TNto seré yo precisamente quien defienda las corridas de toros, nunca me verán en una, a no ser que me lleven atado. La denominada fiesta nacional es para mí un espectáculo en el que no percibo ese inefable arte que los taurófilos dicen saber sacar; yo sólo veo a un animal sufrir. Tampoco seré yo quien encabece una campaña que exija su prohibición, porque entiendo que este espectáculo atrae a un número bastante considerable de personas que también esgrimen sus razones para que las corridas tengan razón de existir. Es por ello que, de momento, adopto una postura no colaboracionista: expongo mi animadversión hacia el evento, intento hacer entender a los aficionados que me rodean que ese espectáculo es una brutalidad, y no saco billete ni de sol ni sombra.

Sírvame esta entrada tauromáquica para hablar de un adolescente torero, concretamente de Jairo Miguel , chaval que, como cualquier otro de su edad --catorce años-- tiene acrecentadas sus ilusiones y sus vanidades. Saca pecho el muchacho cual adulto sobrado para declarar su valentía y sus ganas de éxito --a pesar de las dos graves cogidas que ha sufrido--, pero en el fondo es un niño, y su actitud temeraria se entiende. ¿Quién no ha tenido la cabeza llena de pájaros a los catorce años?

Por otro lado está su padre, quien consiente que su hijo se juegue la vida en los ruedos, en vez de intentar quitarle los nubarrones de la cabeza, y no facilitarle y gestionarle las corridas hasta que termine su etapa escolar, con asistencia diaria a clase incluida.

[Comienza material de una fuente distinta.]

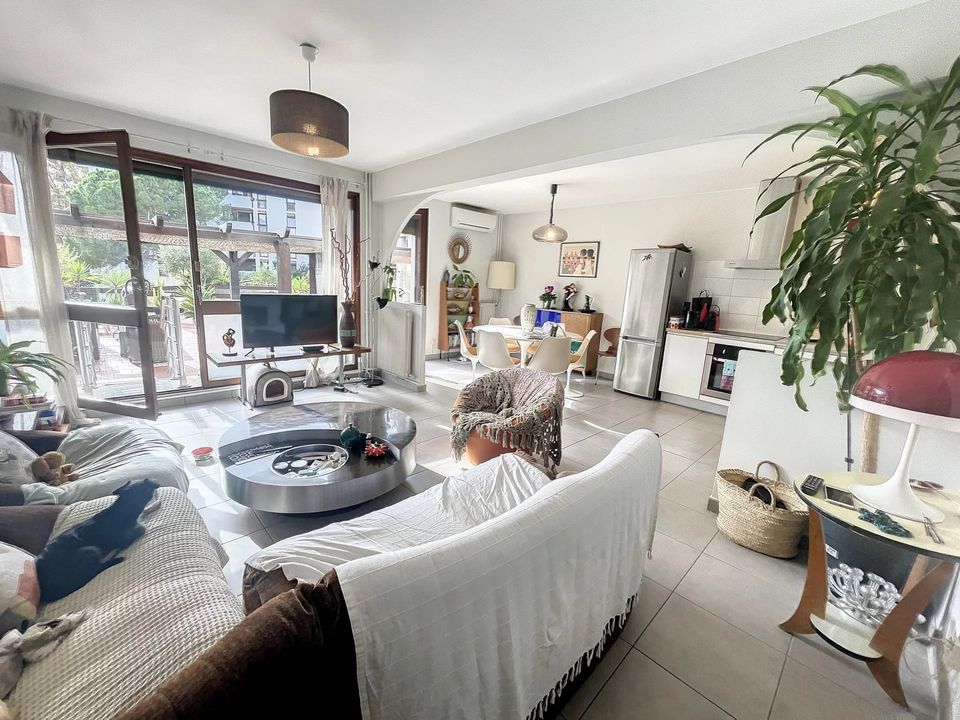 Wohnung in Perpignan, Pyrenees-Orientales - Foto 3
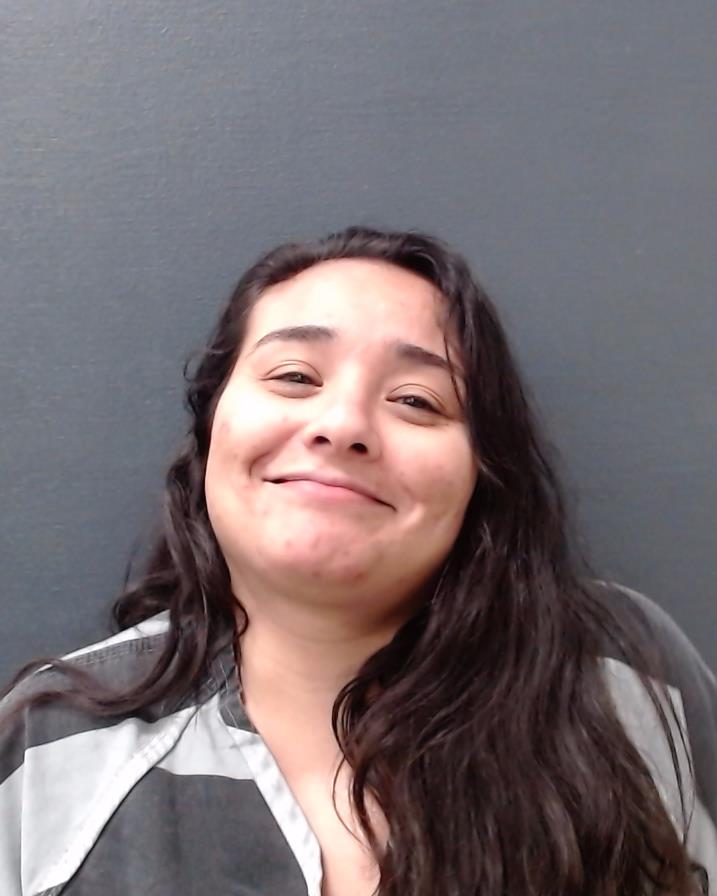 HERNANDEZ, ANKAZURI SHANTAL booking photo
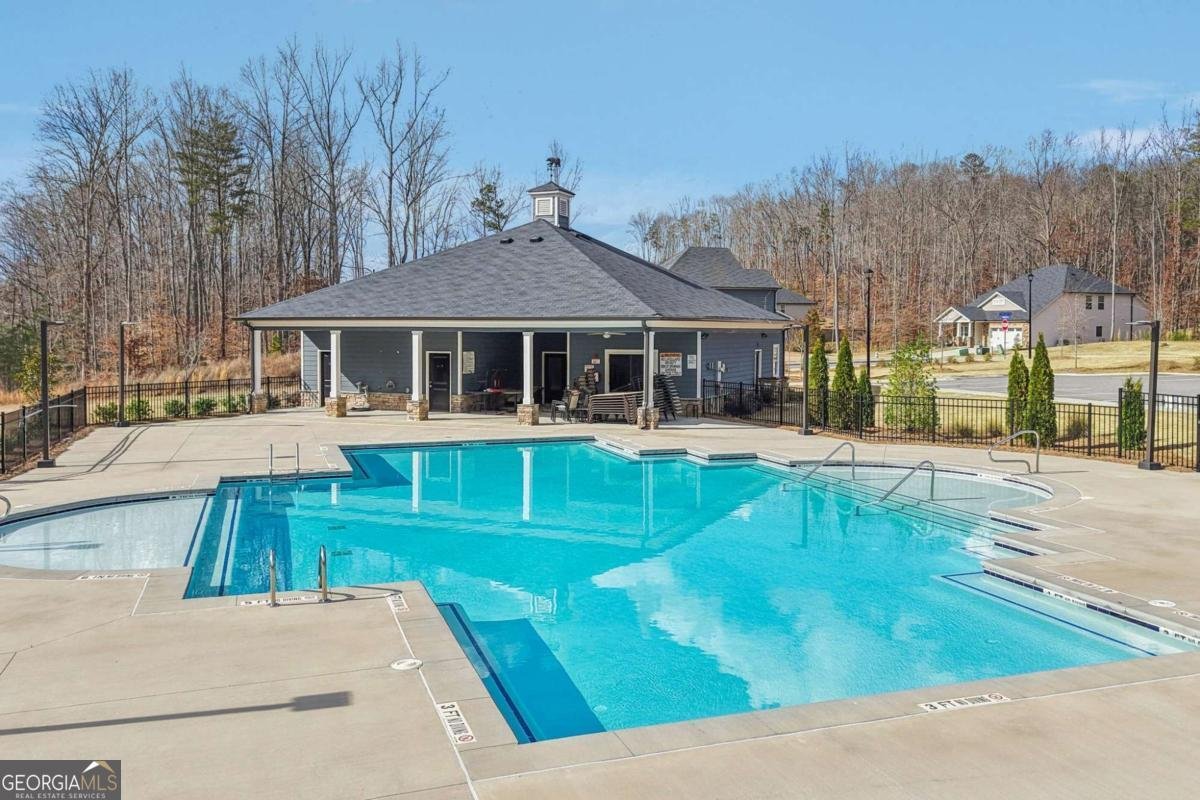 234 Timberland Avenue Dawsonville - Photo 58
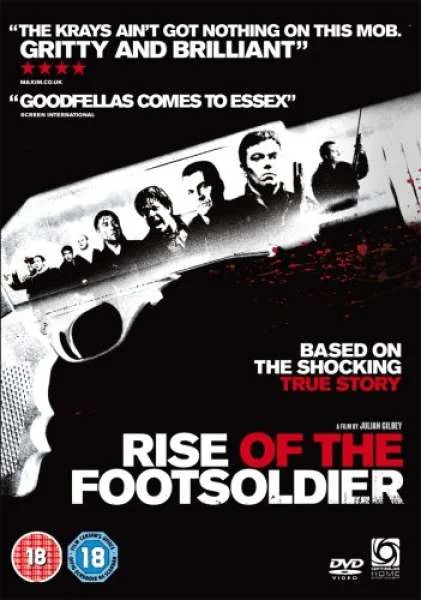 Rise Of The Footsoldier Image 1
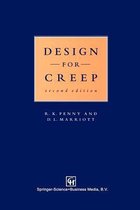 Design for Creep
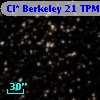 Cl* Berkeley   21    TPM    1103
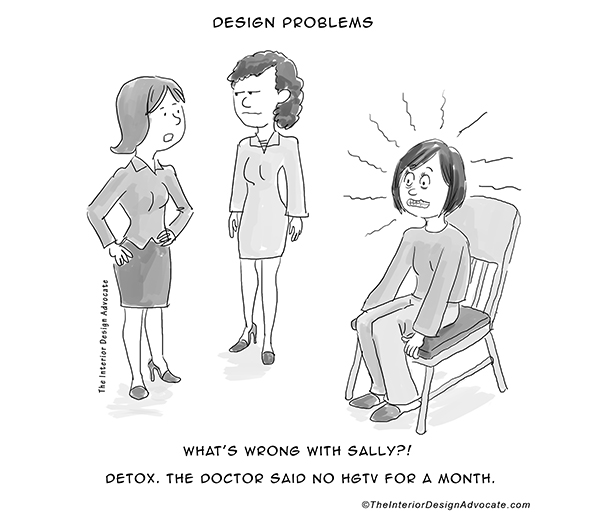 Design Giggles – Design Detox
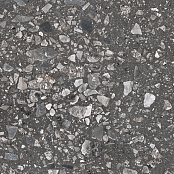 SAIME CERAMICHE GRESTONE ANTRACITE GRIP RETT T680198 60X60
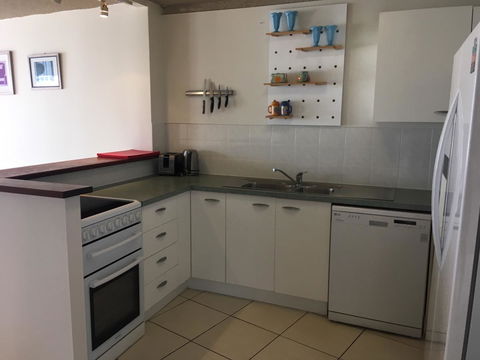Northpoint Holiday Apartments - Seniors Australia 3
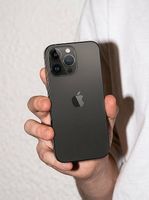 🔥 iPhone 14 Pro · 128GB · Space Black · Wie Neu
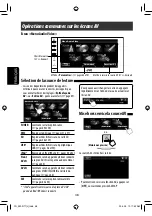 Предварительный просмотр 242 страницы JVC KW-NT1 - Navigation System With DVD player Instructions Manual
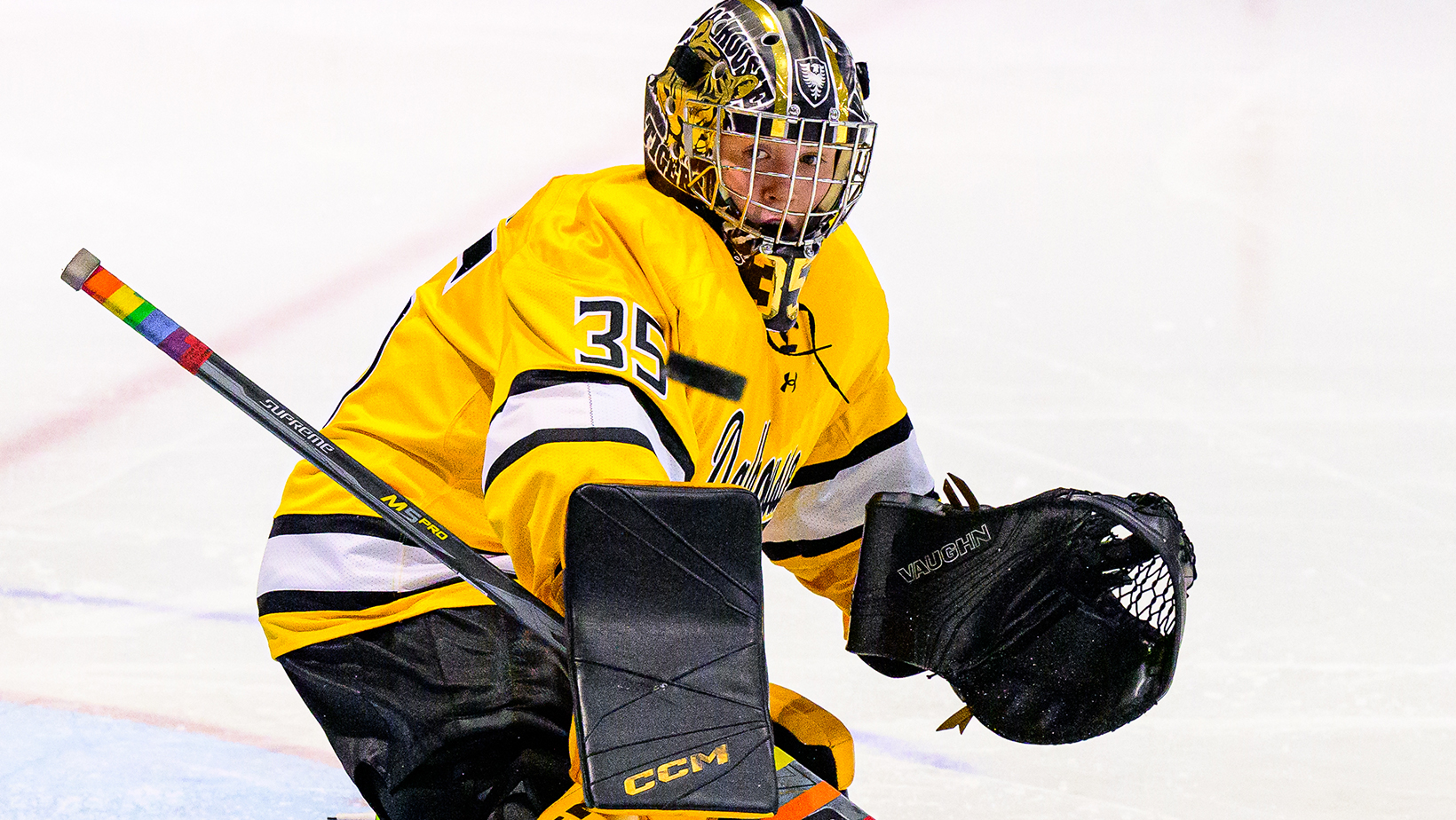 Women’s Hockey Fund 2024/25
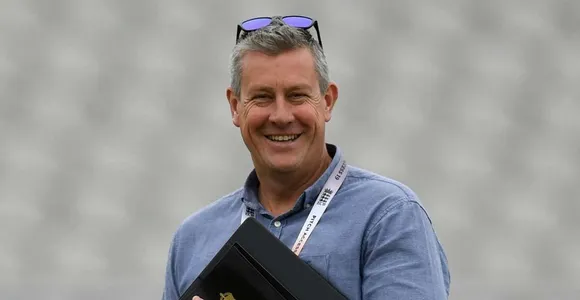 We may lose some of our best players if they are excluded from IPL: Ashley Giles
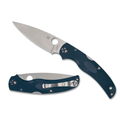 Spyderco Native Chief Blue Lightweight CPM SPY 27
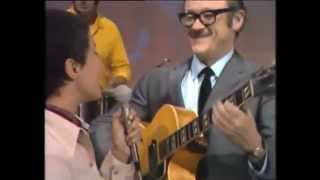 Toots Thielemans &amp; Elis Regina, &#39;Bluesette&#39;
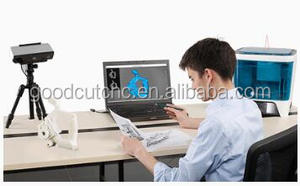 Desktop SE V2 <strong>3d</strong> Scanner for <strong>3d</strong> Printer - Product Image 3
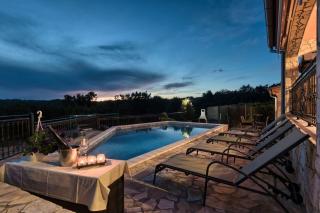 Villa Flora, warm and sunny holiday villa - Loborika - 9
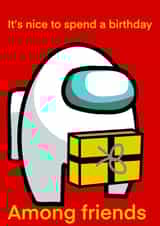 Card 46657 created by Tom Learoyd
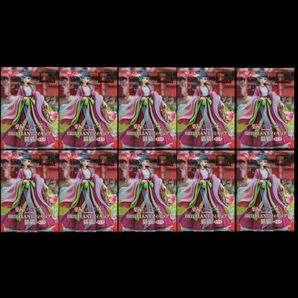 薬屋のひとりごと BRILLIANT フィギュア 猫猫 10個セット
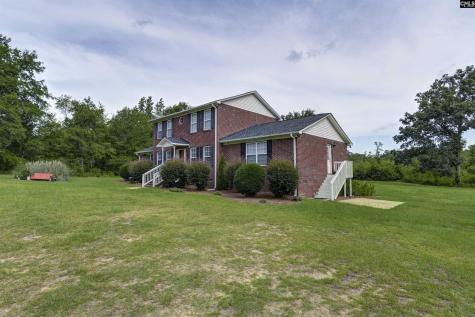 766 Johnson King Road Swansea SC 29160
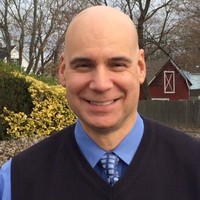 FlynnO'Hara Uniforms Employee Wayne Deangelo's profile photo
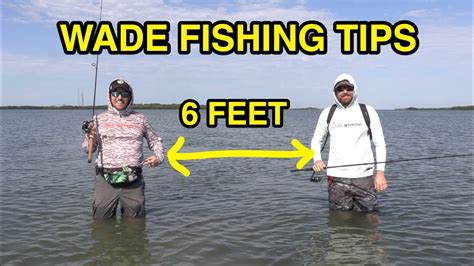 How To Find Wade Fishing Spots For Redfish Trout Snook And Flounder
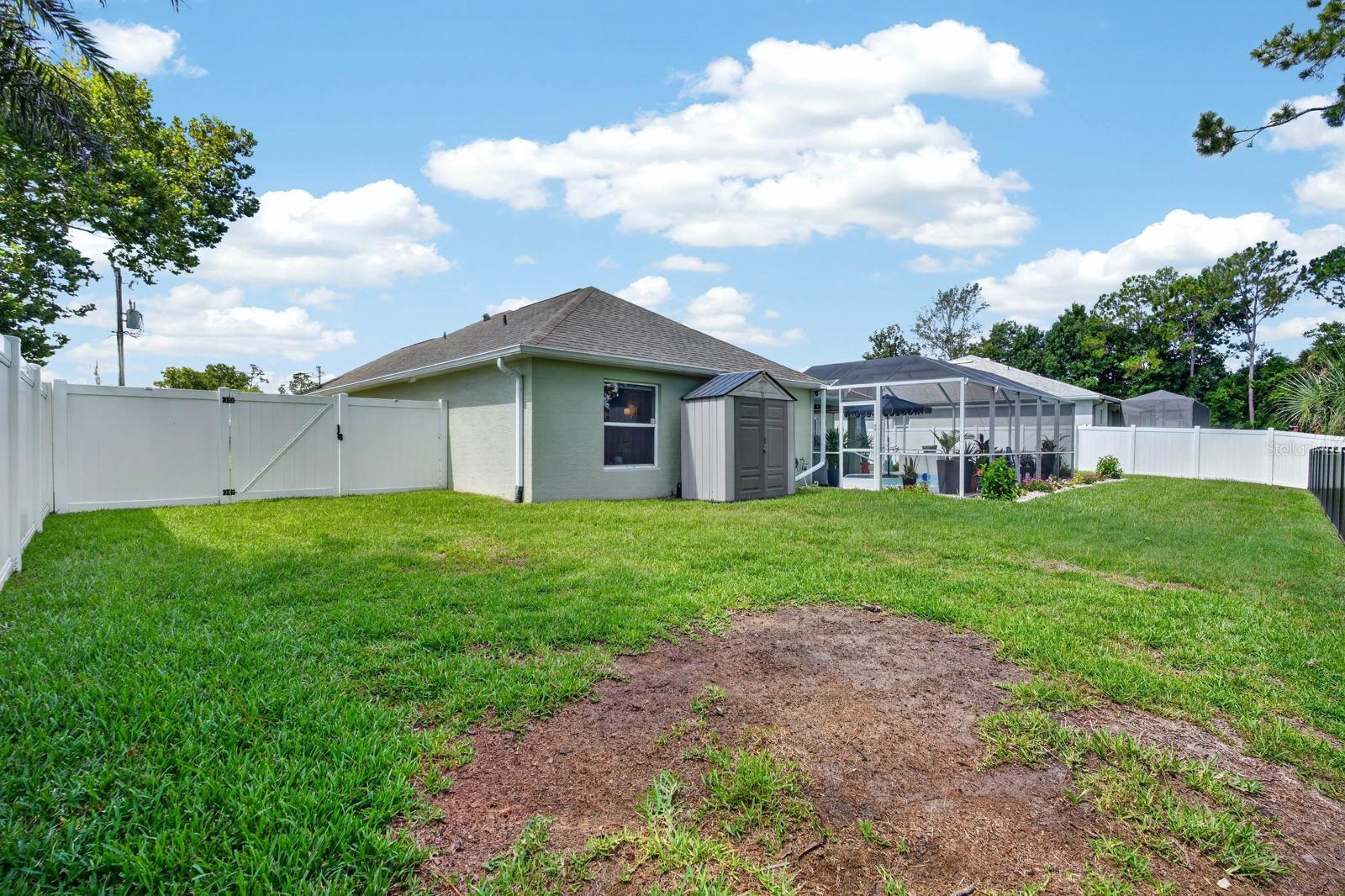 DEERWOOD REP BLK 20 PINE LAKES GOLF COURSE - Residential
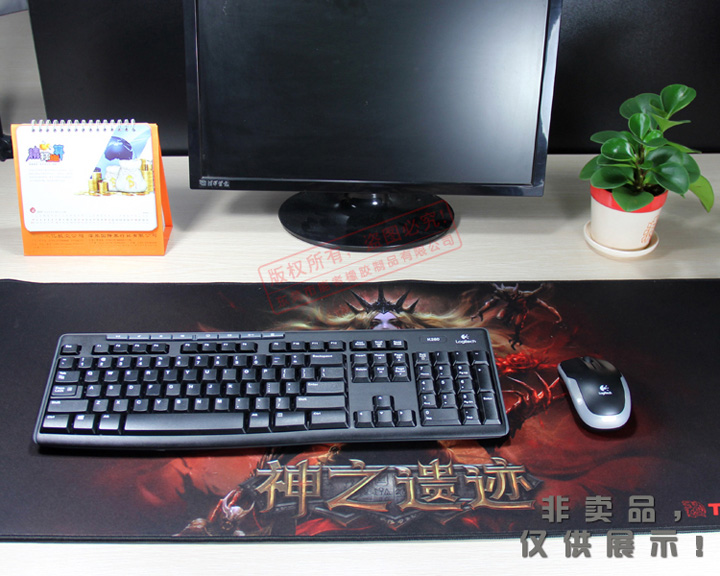 神之遺跡鼠標(biāo)墊 神之遺跡鼠標(biāo)墊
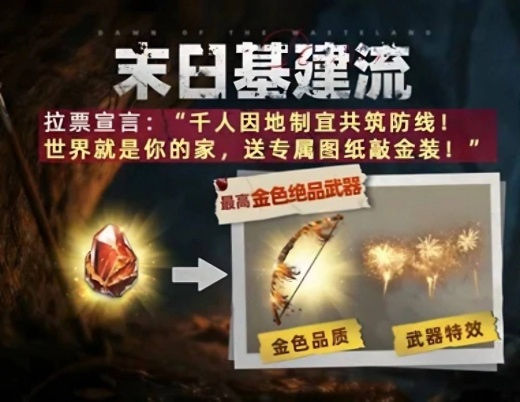 荒原曙光职业选哪个好 荒原曙光职业流派选择推荐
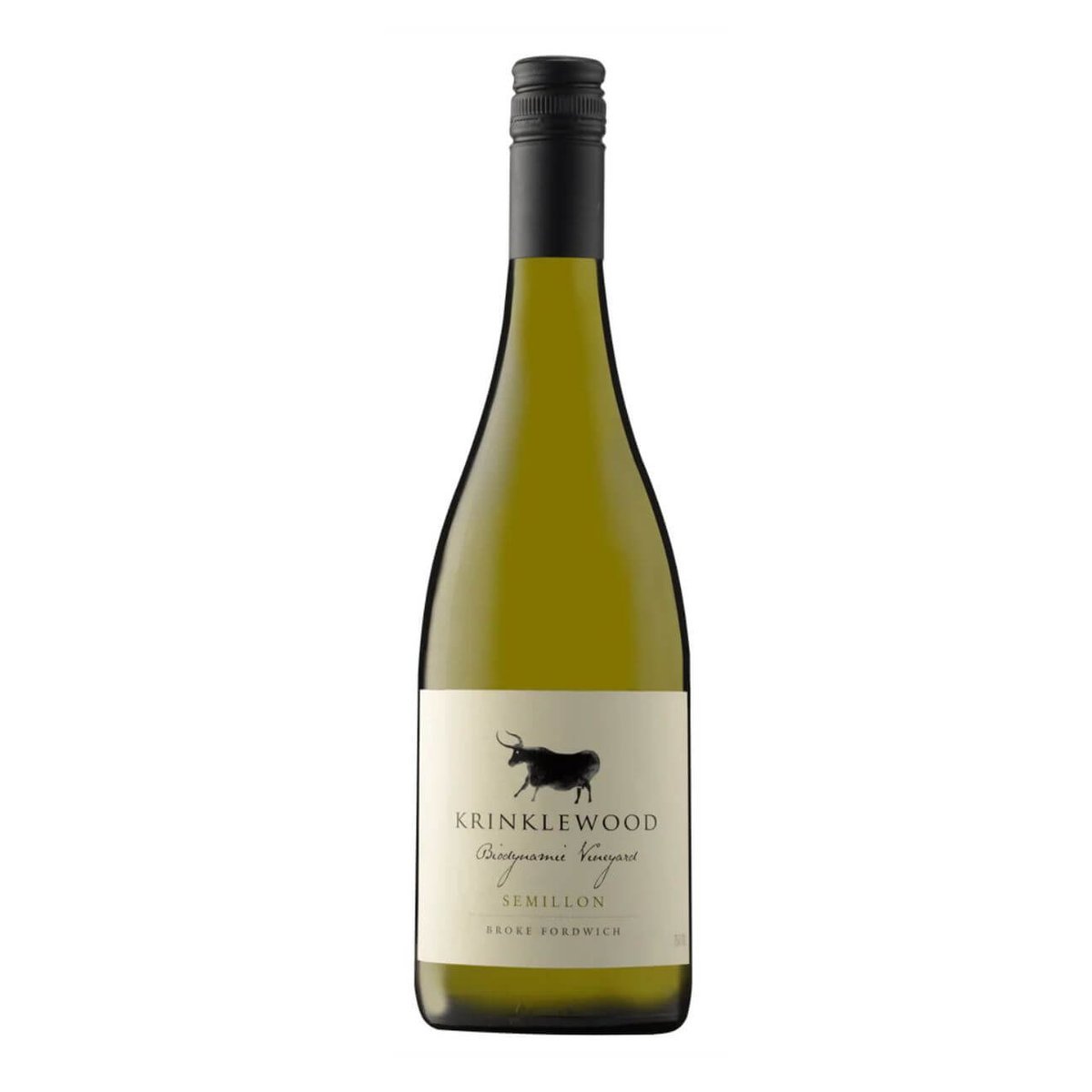 Krinklewood Semillon 2025 (6 Bottles) Hunter Valley, NSW — wine from Australia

Y por último están a los aficionados en general --que no son niños, los niños por sí solos tienen prohibida la entrada a las corridas de toros--, quienes al no manifestarse en contra, aprueban y se hacen partícipes de esta actividad ilícita. Defienden la nobleza del toro, la dignidad del torero y la integridad de la fiesta, y sin embargo consienten estas trampas. Los aficionados deberían darse cuenta de que el caso de este niño está denigrando esa honestidad del toreo que ellos defienden.